◆ **Your task**
Transcribe the entries below exactly, starting with the line that has "Fotoshooting Sally (Juli 2013)" and stopping after the line that has "(PDF) Bild 6"; no pictures belong in the copy.
*** Exercise data ***
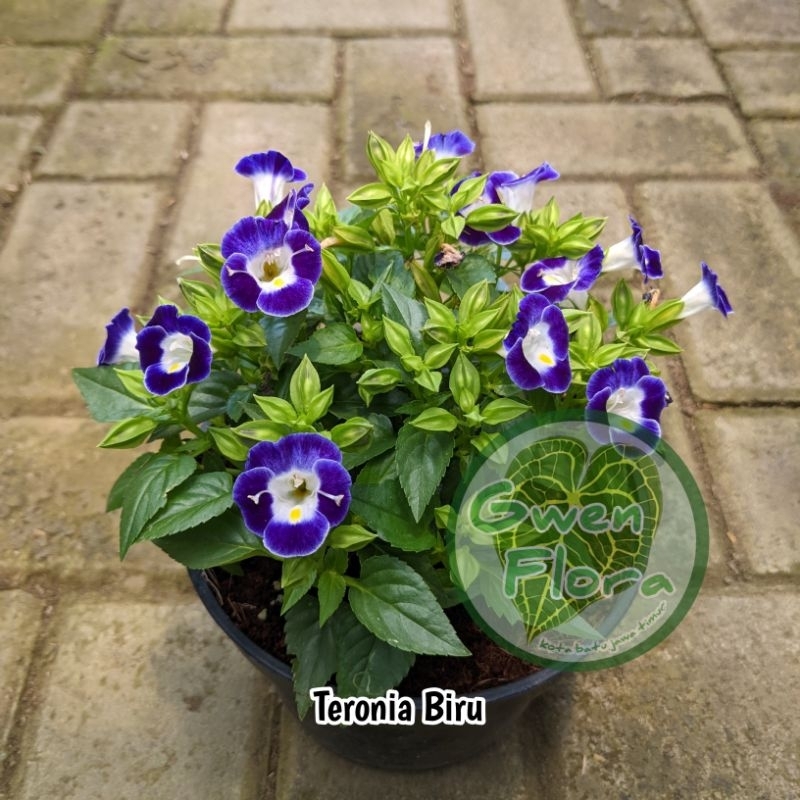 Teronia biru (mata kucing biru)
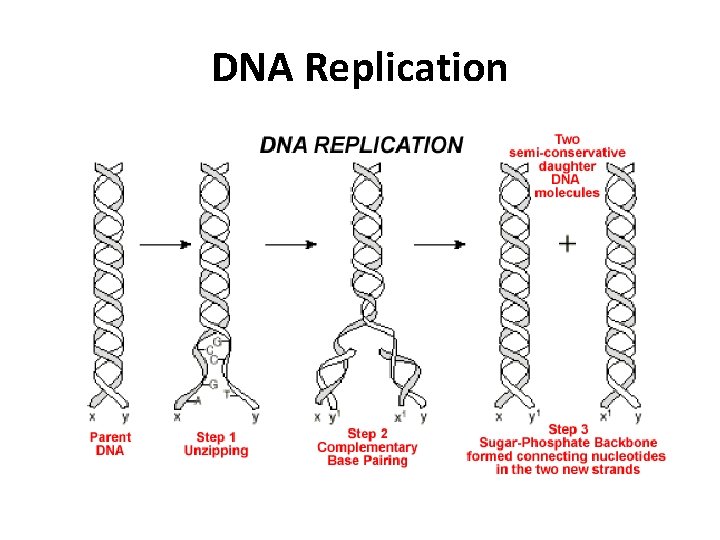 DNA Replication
***
*** Exercise data ***
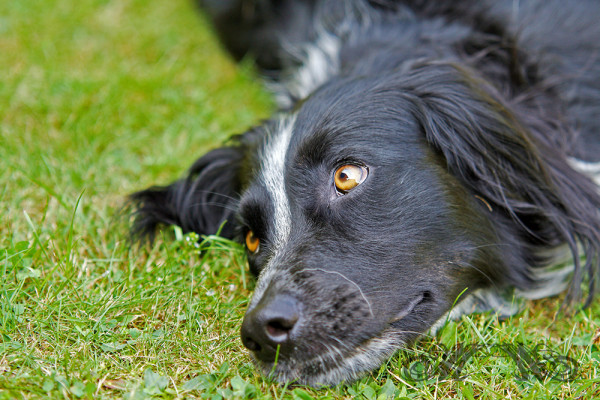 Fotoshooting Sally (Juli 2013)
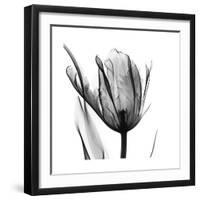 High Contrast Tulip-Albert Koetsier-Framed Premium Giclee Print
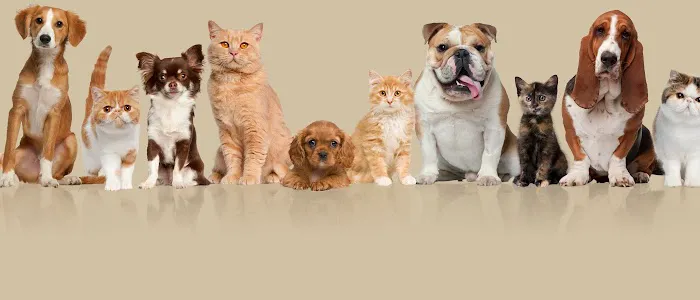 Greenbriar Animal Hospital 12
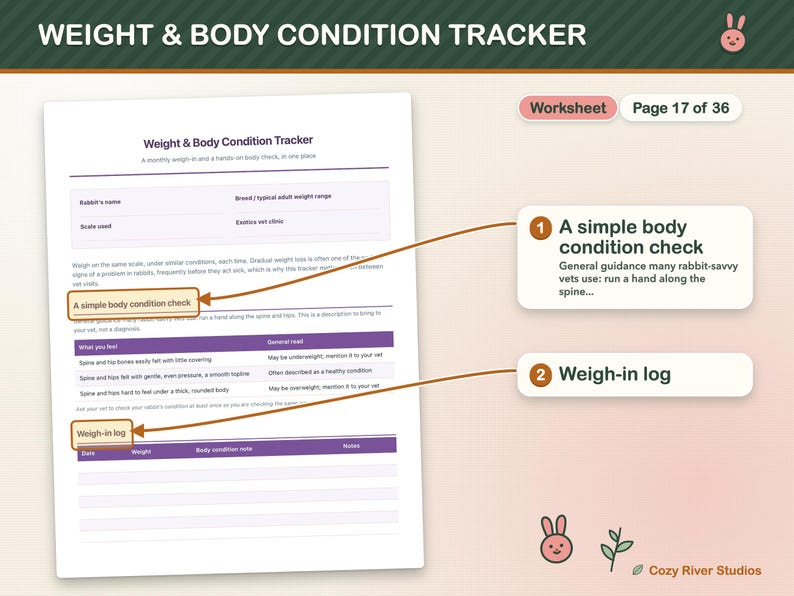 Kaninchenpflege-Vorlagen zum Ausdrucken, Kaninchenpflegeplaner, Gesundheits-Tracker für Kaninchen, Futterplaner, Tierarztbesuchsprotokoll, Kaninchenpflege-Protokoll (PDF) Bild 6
***
*** Exercise data ***
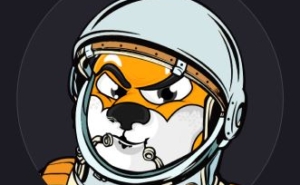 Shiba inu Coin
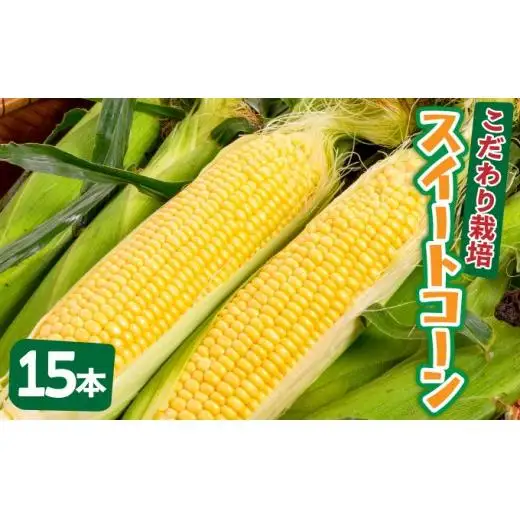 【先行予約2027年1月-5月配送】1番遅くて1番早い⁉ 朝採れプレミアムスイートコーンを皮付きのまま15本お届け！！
***
◆ **Task response**
 Fotoshooting Sally (Juli 2013)
 High Contrast Tulip-Albert Koetsier-Framed Premium Giclee Print
 Greenbriar Animal Hospital 12
 Kaninchenpflege-Vorlagen zum Ausdrucken, Kaninchenpflegeplaner, Gesundheits-Tracker für Kaninchen, Futterplaner, Tierarztbesuchsprotokoll, Kaninchenpflege-Protokoll (PDF) Bild 6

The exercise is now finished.